I do want to mention our dear colleague Dr. Rolf Dycehere, a really bright young scientist just coming into puberty whom Mr. Leadabrand had adopted on one of his trips back East. I think Dycehere had been to Cornell or Lincoln Labs and it was said he knew the great Gordon Pettingill and had actually seen the Lincoln labs radar dome in person. The photo at right taken using one of our scope cameras shows Murray Baron disguised to look like Dr. Dycehere reading an inflammatory cheap pulp sci-fi novel. Rolf was actually outside at the pier waiting for the boat out to his riometer shack on a remote island. In the background Mr. PreTzel mans the radar controls and in the rear J. Loren Dye is obviously soldering something under the total masterful direction of the Radar Master. The van may look cozy (it had cots in back) and it was very hot with 100% humidity outside, but Ron kept the air conditioning blasts at near zero which he found comfortable even with shorts on, unlike the rest of us. Dr. Dycehere always wore shorts even at high level meetings in the Pentagon. "Oh dear me, my goodness, Ray, I seem to have lost my riometer charts. Can you hand me that match cover and a pen and I'll scribble the curves out here so General Folderol here can see the absorption in the D layer caused by overflying goonie birds." "Well, I don't know I never thought about that I suppose we would jury rig a scarecrow to keep the damn (excuse me, Ray that was not polite of me) birds off my antennas." Rolf did great work later on, raking leaves out from under the crater dish at Arecibo and sweeping the catwalk out to the feed point. We are reminded that a good scientist is not ashamed to sweep out his van and change the ink wells on the chart recorders.

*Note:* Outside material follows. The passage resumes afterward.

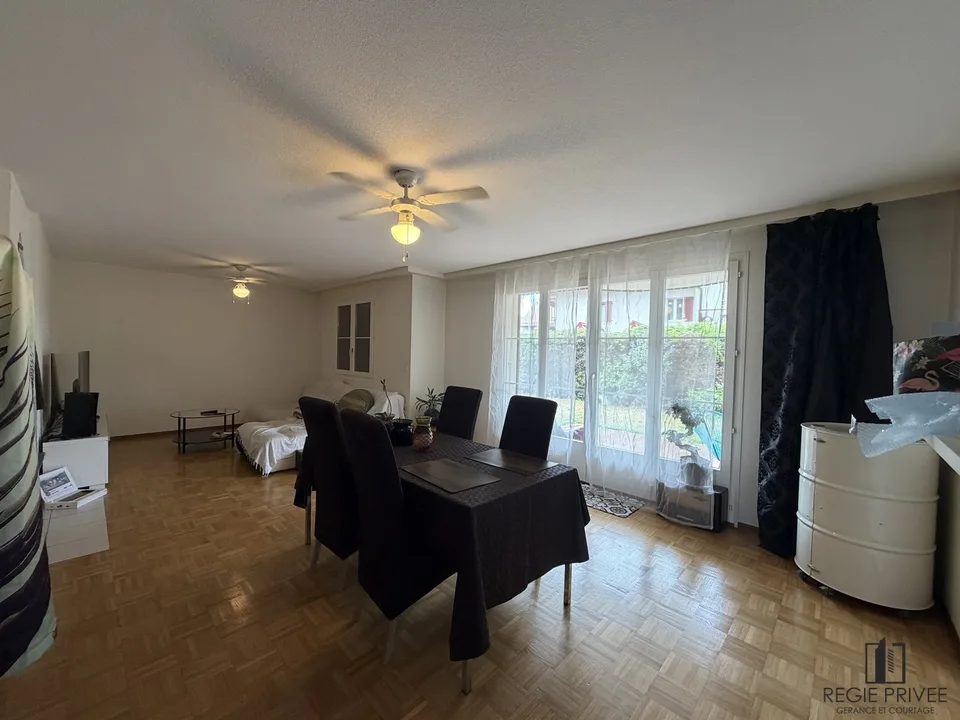 Bel appartement avec jardin et jacuzzi à Bottens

The next round of tests at JI in '62 were more sane as far as lead time, and more sensible equipment-wise as Ron PreTzel had time to build good radars and Holmes and Never built us a new big dish on JI after new specs from the ever creative Steel Nafford (his collection of match cover sketches is, we think, in the Foothill Electronics history museum). The next nuclear test series under the direction of General Birdseed (sp?) was frustrating and long drawn out. I snitched a piece of blown up Redstone missile fuel pump from the runway after one failed test, and Mr. R. still uses it to this day as a radioactive paperwork as I recall. Dr. Water Closet assumed a major role behind the scenes about that time. He kept four secretaries busy at all times and was the perfect model of a brilliant, eccentric, dazzlingly gifted --but not always practical--great scientist we could all emulate. When I was around him I always wished I could remember my freshman physics a bit better. I always had a hard time about these guys with brains. It never bothered Ray that he had flunked French and was almost, but not quite a real doctor, but in a way I always wished I had stayed on at Stanford for another decade and had Mr. Chan tutor me until I passed all my comp exams. Still, I would have missed a lot of swashbucking adventure had I done so, and a lot of PhDs I met were really quite dull and boring people.

Sir Neil Stafford at Johnston Island about 1962 or so.